Joomla has many strengths, but easy-to-read URLs aren’t among them. Left to itself, a Joomla URL is an opaque stream of numbers and codes. Turning those URLs into human-friendly URLs, which are concise, comprehensible to humans, and stable over time is the work of a “SEF” (Search-Engine-Friendly) component. Joomla has had several, but the first which satisifed us for jdlh.com is one called sh404SEF (see also sh404SEF on Joomla extensions and sh404SEF on siliana.net).
There has been a tough interaction between Joomla, Joom!Fish, and sh404SEF (and its ill-starred predecessors). Since mid-2006, Joomla would work with either of the other two, but not both together. Even as Joomla! moved forward to version 1.5.x, which has a better foundation for multilingual sites, I was held back to Joomla 1.0.x because Joom!Fish didn’t support the new version yet. Finally, in late February 2008, I discovered version 1.3.1 “TEST PR build 255” of sh404SEF, which seemed to work well with Joom!Fish (currently 1.8.2) and Joomla (currently 1.0.15).
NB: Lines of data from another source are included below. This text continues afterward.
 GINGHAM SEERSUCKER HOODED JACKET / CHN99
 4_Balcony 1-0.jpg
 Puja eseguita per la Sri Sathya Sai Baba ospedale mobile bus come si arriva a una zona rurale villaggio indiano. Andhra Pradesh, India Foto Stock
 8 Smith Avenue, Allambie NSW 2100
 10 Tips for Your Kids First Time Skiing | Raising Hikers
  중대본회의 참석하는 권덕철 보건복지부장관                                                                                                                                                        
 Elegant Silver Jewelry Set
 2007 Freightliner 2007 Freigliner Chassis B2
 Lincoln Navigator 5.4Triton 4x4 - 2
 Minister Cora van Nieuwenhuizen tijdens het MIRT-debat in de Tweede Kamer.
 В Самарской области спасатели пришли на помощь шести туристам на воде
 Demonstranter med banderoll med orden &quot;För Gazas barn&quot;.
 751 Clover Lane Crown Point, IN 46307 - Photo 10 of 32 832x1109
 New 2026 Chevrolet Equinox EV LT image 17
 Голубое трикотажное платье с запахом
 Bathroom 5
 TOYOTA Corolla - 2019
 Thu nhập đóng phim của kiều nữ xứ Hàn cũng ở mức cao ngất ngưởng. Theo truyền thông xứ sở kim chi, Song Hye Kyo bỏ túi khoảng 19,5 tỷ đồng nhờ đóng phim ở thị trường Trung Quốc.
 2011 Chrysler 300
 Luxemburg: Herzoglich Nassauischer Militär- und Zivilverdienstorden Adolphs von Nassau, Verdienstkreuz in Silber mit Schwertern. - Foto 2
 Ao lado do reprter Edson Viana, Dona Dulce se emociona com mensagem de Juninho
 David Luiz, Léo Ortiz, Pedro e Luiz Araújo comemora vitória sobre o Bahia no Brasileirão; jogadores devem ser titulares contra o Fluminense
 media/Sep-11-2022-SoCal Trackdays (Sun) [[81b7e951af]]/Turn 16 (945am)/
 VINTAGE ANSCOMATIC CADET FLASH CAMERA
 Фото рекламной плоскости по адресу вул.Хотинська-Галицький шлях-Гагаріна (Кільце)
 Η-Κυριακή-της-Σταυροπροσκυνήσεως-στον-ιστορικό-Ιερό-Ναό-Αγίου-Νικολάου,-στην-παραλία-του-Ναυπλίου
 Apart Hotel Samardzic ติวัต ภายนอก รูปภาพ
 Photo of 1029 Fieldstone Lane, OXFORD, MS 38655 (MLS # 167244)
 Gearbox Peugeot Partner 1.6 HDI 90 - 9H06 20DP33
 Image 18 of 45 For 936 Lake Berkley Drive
I made a patch to sh404SEF, one of the modules that extends the Joomla! content management system that runs this website. What the patch does is to ensure that all three of the languages supported on this website are treated equally in the URLs of this site. Without the patch, the “/en/” tag for URLs of English-language content would be missing in some cases. See my article “Default-language patch for sh404SEF published” for a description of the patch, and a link to the code.